Kawasaki’s KLR650 is THE classic thumper but with Trevor Marc Hughes as pilot the motorcycle transcends its dual sport role to become a time machine. With Zero Avenue to Peace Park Trevor steers a course into a past filled with cowboys, prospectors, railway men, lawmen and bad men. It’s a meditation on the colours and flavours of the Old Canadian West and a discourse on Canada’s not always easy relationship with her closest neighbour. As passengers on the pilion, we’re taken to towns that once boomed but have now nearly vanished from view, leaving behind only the names of the scoundrels and dreamers who built them. The Road is a feature element in Zero Avenue to Peace Park, a near-living entity that all motorcycle riders everywhere must ultimately encounter, endure, and enjoy as does Trevor, who sets a gentle, meditative tone to chapters of exploration. His writing is framed by the iron of tireless research and underscored by the musical notes of a relentless motorcycle as Zero Avenue to Peace Park, the Journey of an Everyman, brings new life to the dusty streets and forgotten people of long ago.
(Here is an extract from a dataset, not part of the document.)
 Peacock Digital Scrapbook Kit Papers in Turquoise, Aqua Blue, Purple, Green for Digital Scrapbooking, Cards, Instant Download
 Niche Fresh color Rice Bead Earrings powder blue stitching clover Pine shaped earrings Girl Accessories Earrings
-John Campbell, editor Canadian Biker
Like his first book, Zero Avenue to Peace Park is as honest an account as you could hope to read. The author puts aside ego and image, giving us an uncut, dropped-my-bike-before-I-even-started account. Combine that with a total lack of pretentiousness and an unpadded outlook, and Trevor has the perfect formula for many more voyages and subsequent stories to share with all of us.
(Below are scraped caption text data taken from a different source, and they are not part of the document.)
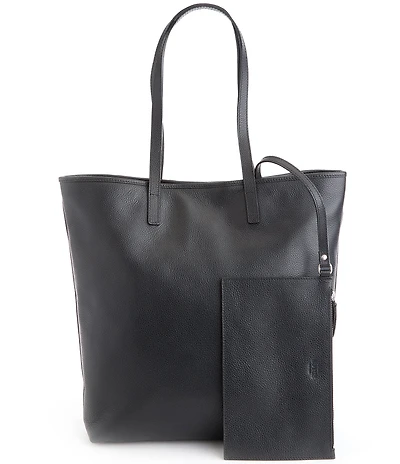 Royce New York Pebbled Grain Tall Tote Bag with Wristlet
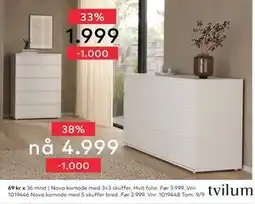 Skeidar Nova komode med 3+3 skuffer, NOK 4999 tilbud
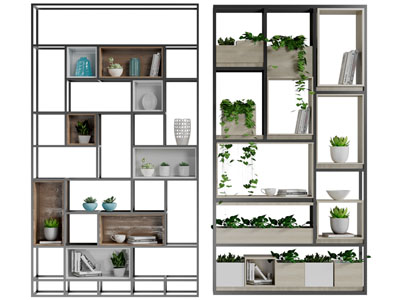 新中式金属嵌套实木的收纳装饰柜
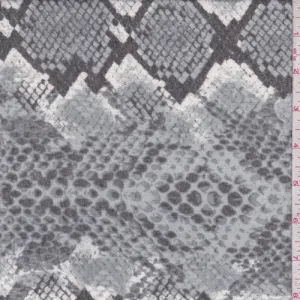 Misty Grey Snakeskin Baby French Terry Knit Fabric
-Marcus Martellacci, Motorcycle Mojo
Praise for “Nearly 40 on the 37: triumph and trepidation on the Stewart-Cassiar Highway”…
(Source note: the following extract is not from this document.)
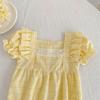 Sommer kariertes Prinzessinnenkleid & Baby Strampler Geschwister Outfits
I hope that this heartfelt account will inspire others to come north and behold the wonder of land unlike any other, the most stunningly beautiful place in Canada.
–Wade Davis, Explorer in Residence, National Geographic Society
…readers will find a sense of familiarity in these pages, and a welcome dose of honesty…a fun, quick read.
-Marcus Martellacci, Motorcycle Mojo
Very few backcountry riders ever admit to fear and anxiety. Trevor’s admission lends a whole new level of credibility to his writing.
–John Campbell, Canadian Biker Magazine
Hughes has a gift for writing; he’s personable, relatable, honest and well-spoken, and writes in an endearing, welcoming and inoffensive manner that makes it easy to keep flipping the pages.
-Graeme Jones, Inside Motorcycles
Written with honesty and humour, it is a story that even non-motorcyclists will find engaging.
– Kirsten Armleder, RidersWest Magazine
…it is his trepidation that gives his account a sense of honesty that is often missing from travel stories.
–Terry Peters, The North Shore News
…a well-written and interesting read…It’s a book that you’ll want to pick up and finish.
–Dan McAfee, Canadianmotorcyclerider.ca
Zero Avenue to Peace Park (ISBN 978-0-9918590-3-0)
Two years after the Stewart-Cassiar adventure, I came up with an idea while riding along a remarkably straight ribbon of road that travels along the 49th Parallel, thirty kilometres east from its starting point in White Rock, British Columbia and mere feet from the border with the United States of America. What would I discover for myself if I rode my Kawasaki KLR650 close to the border, continuing east? Would I learn more about why that border is where it is in the first place and how it shaped the province I call home? Would I learn more about how Canada and the United States have learned to live as neighbours?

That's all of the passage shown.